## Exercise brief
Return all the data verbatim but without images.

○ ○ ○ ○

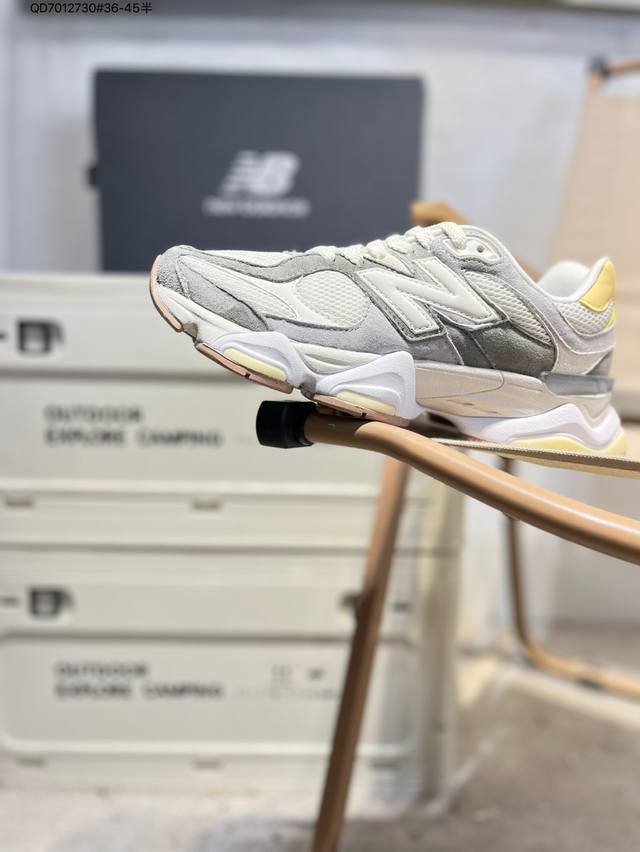 #Joe Freshgoods x New Balance Nb9060 collaboration: Retro casual running shoes.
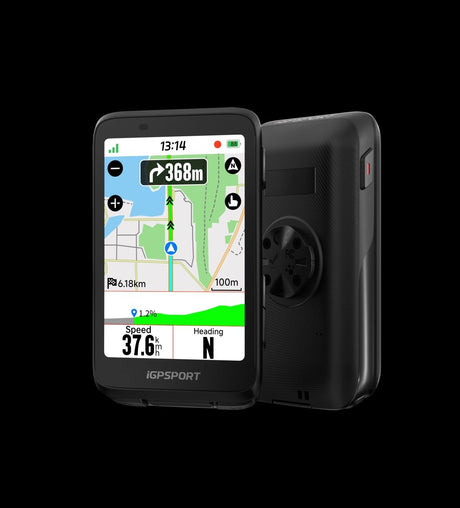 IGPSport BiNavi Cyclo Computer | The Bike Affair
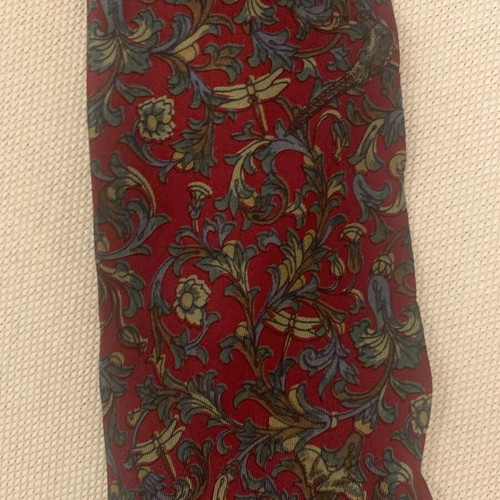 Set of 2 silk ties like new, multicolored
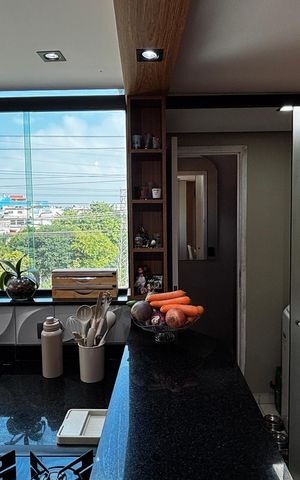 Apartamento à venda com 76m², 2 quartos e 1 vaga Apartamento à venda com 76m², 2 quartos e 1 vagaCobertura - Cozinha
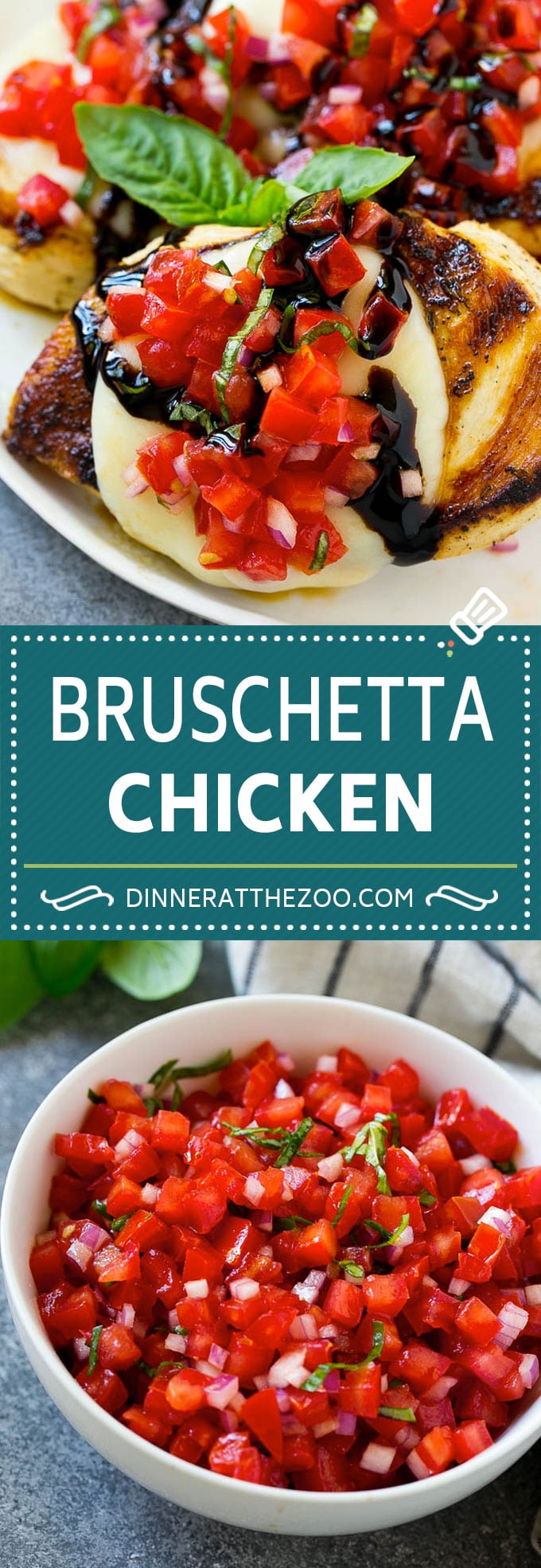 Bruschetta Chicken Recipe | Grilled Chicken | Tomato Chicken | Chicken Bruschetta #chicken #grilling #tomato #basil #dinner #lowcarb #uzhal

○ ○ ○ ○

## Solution
 #Joe Freshgoods x New Balance Nb9060 collaboration: Retro casual running shoes.
 IGPSport BiNavi Cyclo Computer | The Bike Affair
 Set of 2 silk ties like new, multicolored
 Apartamento à venda com 76m², 2 quartos e 1 vaga Apartamento à venda com 76m², 2 quartos e 1 vagaCobertura - Cozinha
 Bruschetta Chicken Recipe | Grilled Chicken | Tomato Chicken | Chicken Bruschetta #chicken #grilling #tomato #basil #dinner #lowcarb #uzhal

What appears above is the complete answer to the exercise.